宇宙研の宇宙物理学研究系教授が主務で、研究総主幹、JAXAチーフエンジニア、宇宙研SE推進室長、「すざく」プロジェクトマネージャー、ASTRO-Hプロジェクトサイエンティストを兼務しています。ASTRO-Hに搭載する軟X線分光検出器(SXS)の責任者も入れると7つ。ばらばらな仕事に見えますが、すべて自分が研究者としてやりたいことにつながっています。
Q: やりたいこととは?
宇宙にあるバリオンと呼ばれる普通の物質の平均温度は数百万度だと考えられています。この熱い宇宙がどのように出来上がったのか、その過程を宇宙の始まりからすべて理解したいのです。そのために三つのことを同時にやっています。一つ目は、「すざく」など稼働中のX線天文衛星を使って研究を進めること。しかし、現在の衛星ではできないこともあります。それを可能にするために、2015年打上げ予定のASTRO-Hの開発を進めています。これが二つ目です。しかし、ASTRO-Hでできることの限界も見えています。そこで三つ目として、20年先を見据えた観測装置の研究を行っています。
Q: ASTRO-Hでは、どのような観測を行うのですか。
「すざく」などの観測によって、銀河系の周辺に数百万度の高温ガスが分布していること、銀河団は高温ガスに満ちていることが分かってきました。しかし、それらをすべて合わせても、宇宙に存在すると推定される高温ガスの量の半分にしかなりません。残りの半分はどこにあるのか。銀河系と銀河団の間の領域が最有力ですが、銀河系が明る過ぎて詳しく観測できませんでした。ASTRO-HのSXSで、それに挑みます。

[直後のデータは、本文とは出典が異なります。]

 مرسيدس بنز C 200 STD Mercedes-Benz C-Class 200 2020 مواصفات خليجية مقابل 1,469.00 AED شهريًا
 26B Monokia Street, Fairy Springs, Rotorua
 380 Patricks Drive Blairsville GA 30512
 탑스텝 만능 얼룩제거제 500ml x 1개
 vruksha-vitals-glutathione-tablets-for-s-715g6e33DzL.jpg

SXSは、銀河団の高温ガスの運動を精密に測定できるので、銀河団が成長する様子を捉えることも可能です。宇宙では、銀河団が連なって大規模構造を形づくっています。銀河団の成長は、大規模構造をつくる過程にほかなりません。大規模構造がつくられる過程を直接見ることも、ASTRO-Hの使命です。
Q: 「はくちょう」「てんま」「ぎんが」「あすか」「ASTRO-E」「すざく」と、6機の衛星に携わってきたそうですね。

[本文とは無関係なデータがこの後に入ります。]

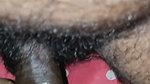 Indian wife secretely fucked at night with devar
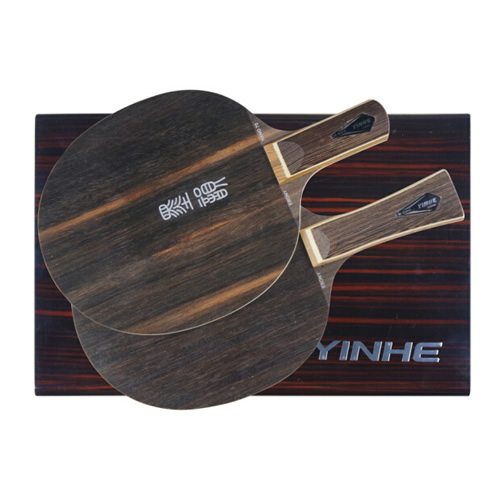 ����ī��5ƹ����װ�ͼ1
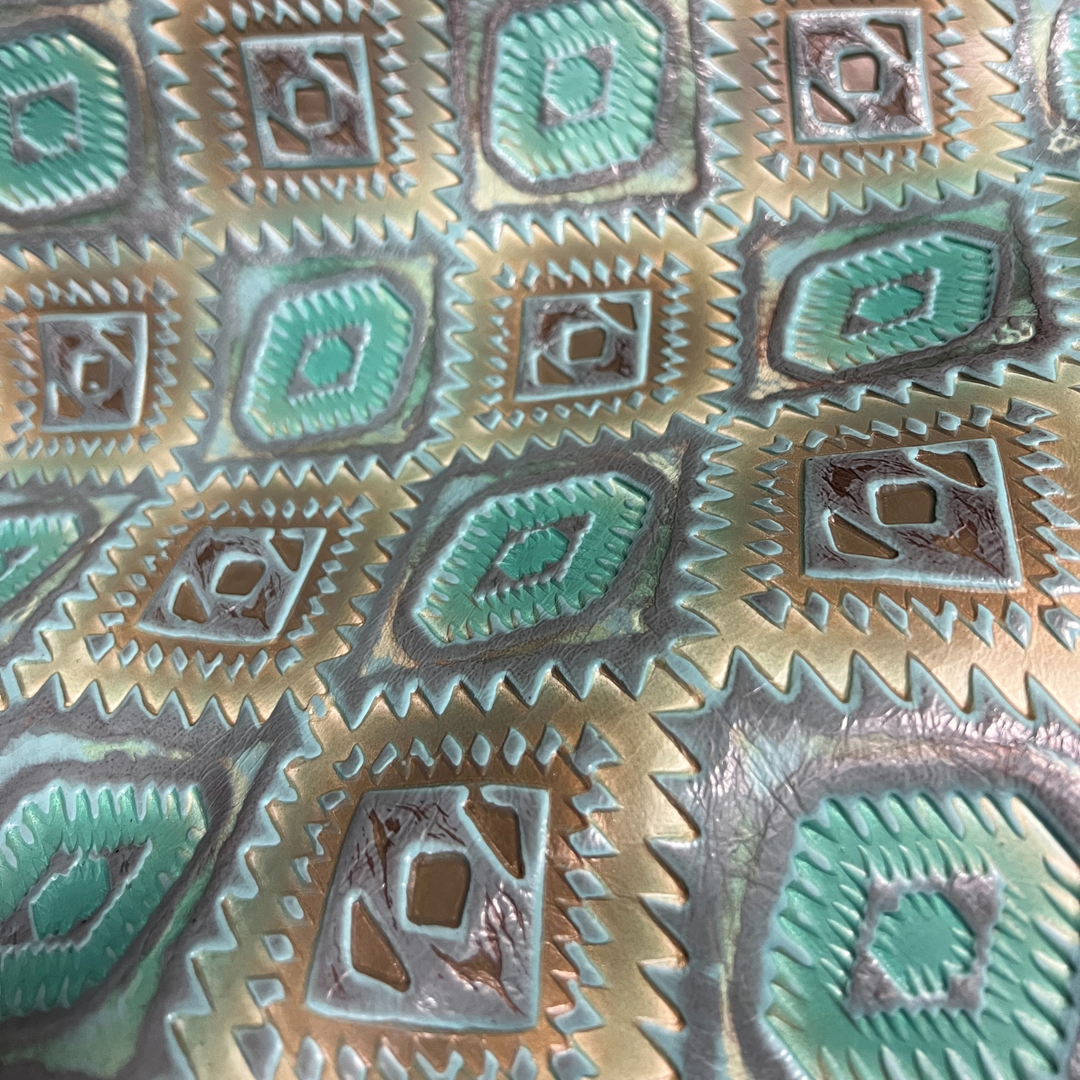 Aztec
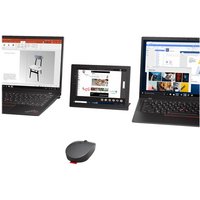 Click to view product details and reviews for Lenovo Go Multi Device Mouse 24 Ghz Bluetooth 50 Thunder Black. Click to view product details and reviews for Lenovo Go Multi Device Mouse 24 Ghz Bluetooth 50 Thunder Black.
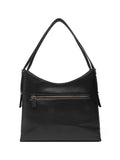 GUESS ACC D PRE Borsa lefia large hobo nero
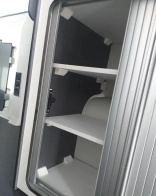                         Samochód kempingowy Karmann-Mobil Duncan. - zdjęcie 23
                        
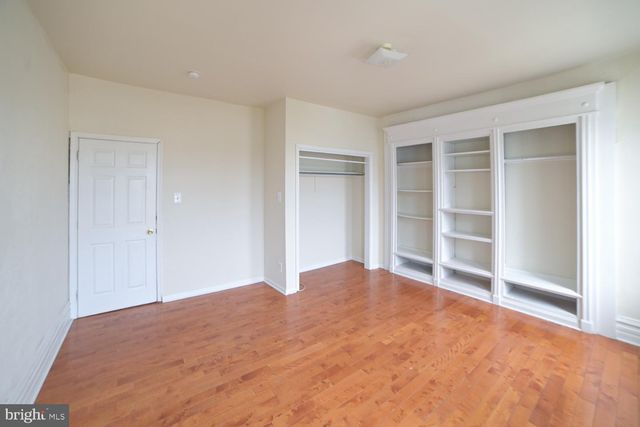 1846 N 16TH ST, Philadelphia, PA 19121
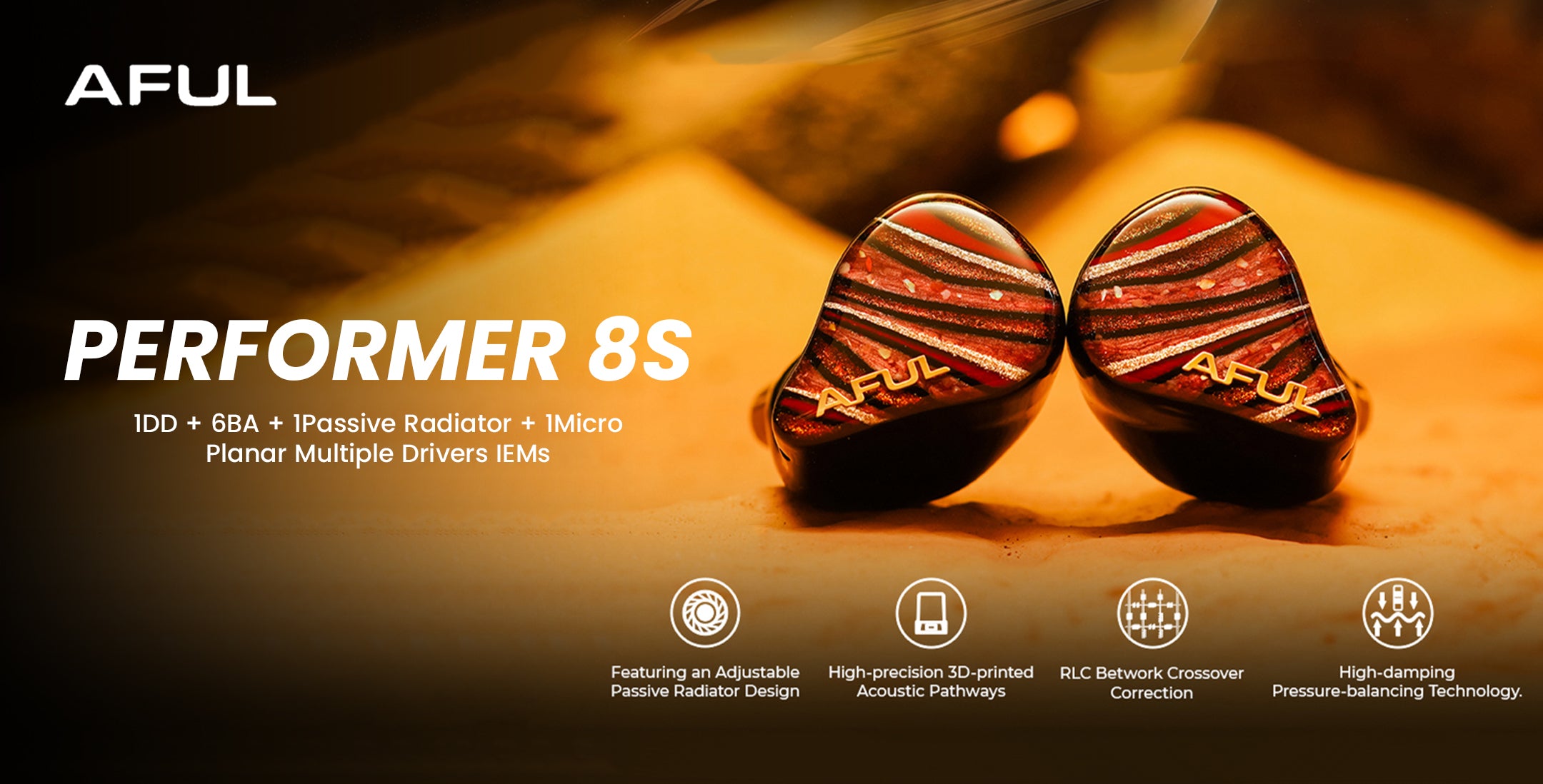 1 a6d7d773 d55c 44a9 b3cc d3bfd8a2eb2d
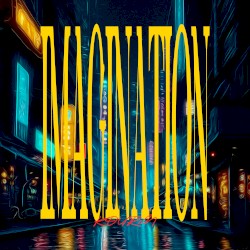 IMAGINATION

幸運でした。そうした経験があることから宇宙研SE推進室長職の声が掛かったのでしょう。「すざく」のX線カロリメータ(XRS)の不具合のほかにも、大小さまざまな失敗を経験しました。失敗には共通性があり、そこから学ぶものがあります。SE推進室では、私の経験も踏まえて、ミッションを確実に実現するための方法を議論し、活動の支援を行っています。

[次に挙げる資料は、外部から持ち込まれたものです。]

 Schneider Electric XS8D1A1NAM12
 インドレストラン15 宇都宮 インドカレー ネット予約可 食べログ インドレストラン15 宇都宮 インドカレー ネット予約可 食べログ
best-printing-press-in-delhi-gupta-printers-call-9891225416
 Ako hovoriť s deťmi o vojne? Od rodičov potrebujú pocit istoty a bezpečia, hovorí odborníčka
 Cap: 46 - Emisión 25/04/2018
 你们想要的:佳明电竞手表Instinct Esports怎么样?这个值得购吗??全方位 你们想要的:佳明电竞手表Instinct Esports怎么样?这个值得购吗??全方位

いくつもの職務があると忙しいですが、悪いことばかりではありません。研究には発想の転換が重要です。いくら考えても良いアイデアが浮かばないとき、別なことを考え始めると、ふと先ほどの案件についてアイデアがひらめいたりするものです。
Q: 子どものころから宇宙に興味があったのですか。
小学生のころに住んでいた長野は星がとてもきれいで、物置の屋根に登って星を観察したりしていました。学校でも私の理科好きが知られていたようで、姉の担任がラジオをつくるキットをくれたほどです。それをきっかけに電気回路にも興味を持ち、6年生のときアマチュア無線の免許も取りました。捨ててあったテレビを持ち帰って分解したこともありますね。
そういう経験は今につながっているかもしれません。私たち実験物理屋は、やりたいことを実現する装置がなければ、勉強をして自分でつくるというのが基本です。例えば、ASTRO-Hの次の衛星に搭載する観測装置にはシリコンマイクロマシンの技術が不可欠だと分かり、その分野で有名な研究者のもとで修業したこともありました。
Q: 趣味は?
音楽は昔から好きですね。中学時代ブラスバンド部で、今でもときどきサックスを吹いています。料理も好きで、最近はイタリアンにはまっています。ハーブも育てていました。料理は、人工衛星の開発と似ているところがあります。段取りが重要で、そこで手を抜くと、うまくいきません。
Q: 2015年のASTRO-Hの打上げが楽しみですね。
X線分光観測は、可視光の天体写真と比べると地味で人気がないのが悩みです。でも、分光観測は、そのデータから温度や元素組成、動きなどあらゆる物理を読み取ることができる、とても面白い研究です。どのような見せ方をしたら皆さんにX線分光観測に興味を持っていただけるか、広報戦略を練ろうと思っています。また一つ仕事が増えますね。